То, что прыгать мы не станем, я понял, еще когда Невен всучил мне пояс. И вспомнил, что клетчатка — вещество нежное, она погибнет, если попадет под гравитационный удар. Выходит, мы будем спускать ее на плечах, корячась на проклятых железяках. Но только когда подошли к шахте, от осознания всего ужаса предстоящего — четыре с лишним тысячи футов все тех же ржавых скоб — я чуть не затрясся в нервном смехе.
Пока пытался справиться с собой, Якоб уже скользнул вниз, а Тор и Невен на тросе спускали к нему мешки — на ту самую малюсенькую аварийную площадку, где мы с Невеном обнимались перед подъемом в воздухозаборник. Я вспомнил об этом, и мне расхотелось и смеяться, и нервничать. Потому что больше такого не будет.
Я оказался прав. Когда я последним ступил на площадку, Невен без слов помог мне надеть мешок, прицепил к своему поясу второй конец цепи и кивком направил меня вниз. Хотелось пить, но я не стал просить — не был уверен, что через несколько минут тоник, да даже просто вода, не запросятся наружу.
Футов через двести я понял, насколько же мне хреново. Голова быстро наливалась тяжестью, в висках давило, горечь забивала рот, мешок за плечами тянул назад, и я перещелкивал карабины на полном автомате, почти не глядя, куда их цепляю — благо, расстояние от одной перекладины до другой выдерживали стандартное. Тогда я сосредоточился на самом процессе переставления рук и ног. И на том, насколько же хуже Якобу и Невену, ведь они несут груз в четыре раза больший, а устали едва ли меньше меня.
Не знаю, сколько мы проползли — я не смотрел ни вверх, на идущего замыкающим Невена, ни вниз, ни даже по сторонам, сосредоточившись на механическом передвижении, — когда внезапно почувствовал резкий рывок своей цепи и рефлекторно вжался в перекладины, вцепляясь в них мертвой хваткой. От мгновенного ужаса, что Невен сорвался, у меня едва не снесло крышу — как мне его удержать?!
Я так паниковал, что до меня не сразу дошло — ничего не изменилось.
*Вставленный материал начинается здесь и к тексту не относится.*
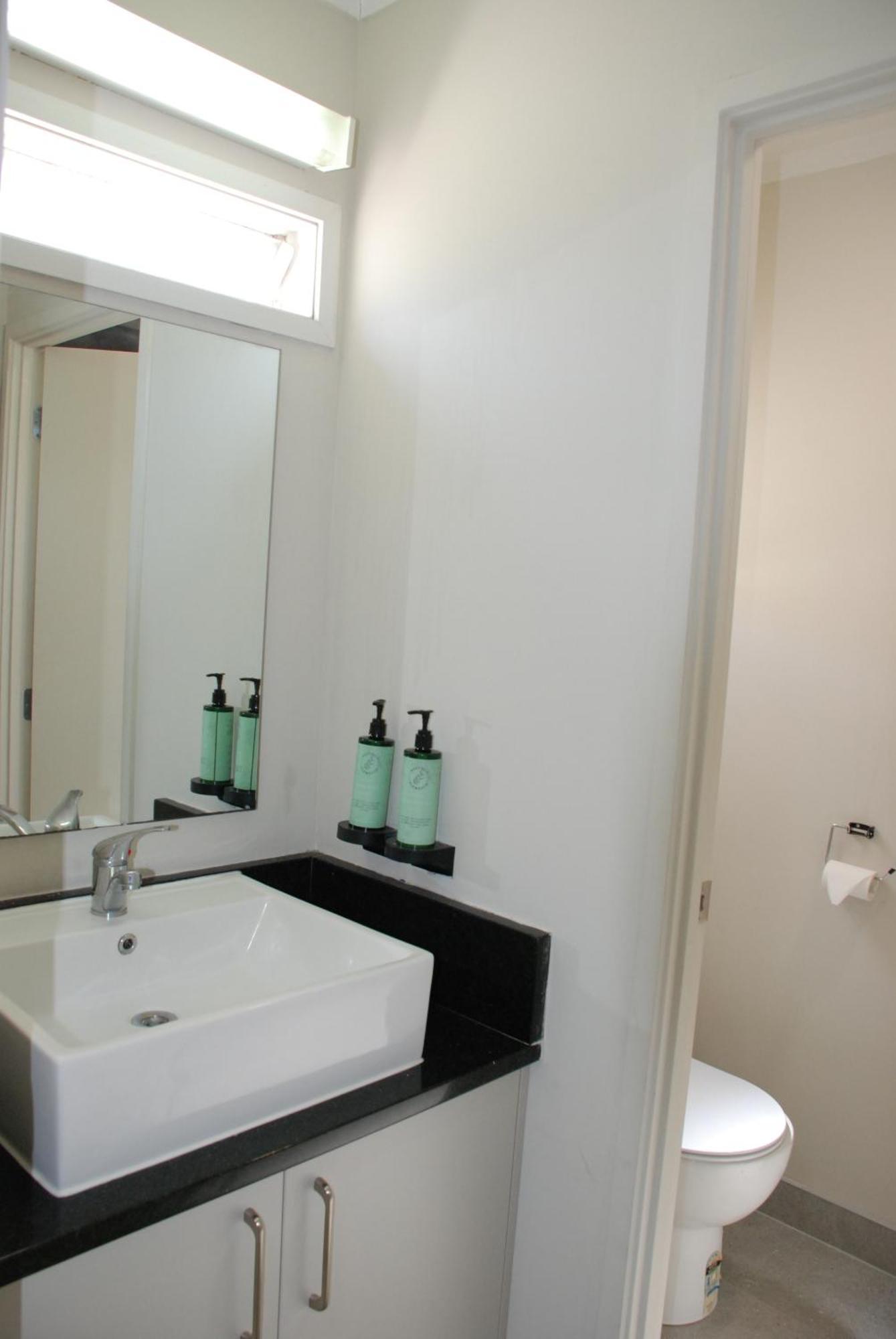 Auckland Airport Kiwi Motel Exterior photo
Если бы Невен сорвался — я бы уже почувствовал на себе тяжесть его тела, усугубленную мешками с клетчаткой. И, кстати, совершенно очевидно не удержал — этот их замечательный рейдерский пояс попросту лопнул бы, не рассчитанный на подобные нагрузки. Сообразив, что дылда по-прежнему наверху, я стал поднимать к нему голову и обомлел — передо мной, зацепившись за скобу, качалась одна из моих страховок: карабин на ней предательски разогнулся. А рывок был от того, что Невен, заметив поломку, тут же натянул связывающую нас цепь.
— Давай… — прохрипел он, тяжело дыша, и переглотнул, — все равно другого выхода нет.
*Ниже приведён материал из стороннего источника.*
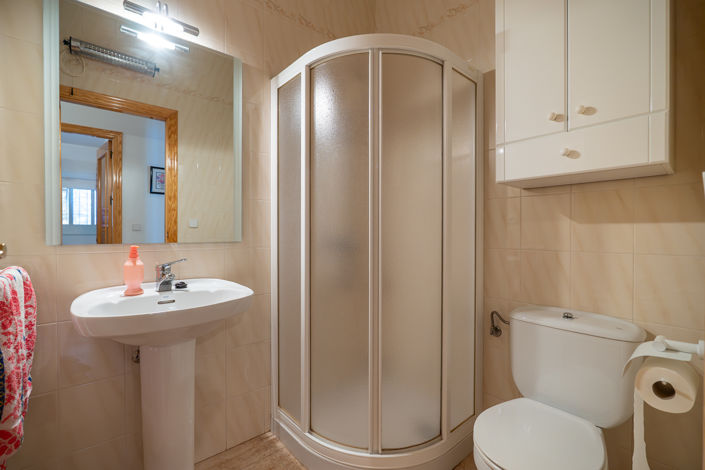 Image No.24-4 Bed Townhouse for sale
Он был прав — выхода не было. У меня остался всего один карабин, и пока я его буду перецеплять, висеть придется только на цепи и на одной руке.
Теперь мы двигались еще медленнее. Невен каждый раз ждал, когда я прицеплюсь, и только после этого спускался сам. Одно было хорошо — на время измотанность сбежала куда-то сама собой, не устояв перед естественным адреналином, щедро впрыснутым в вены испугом.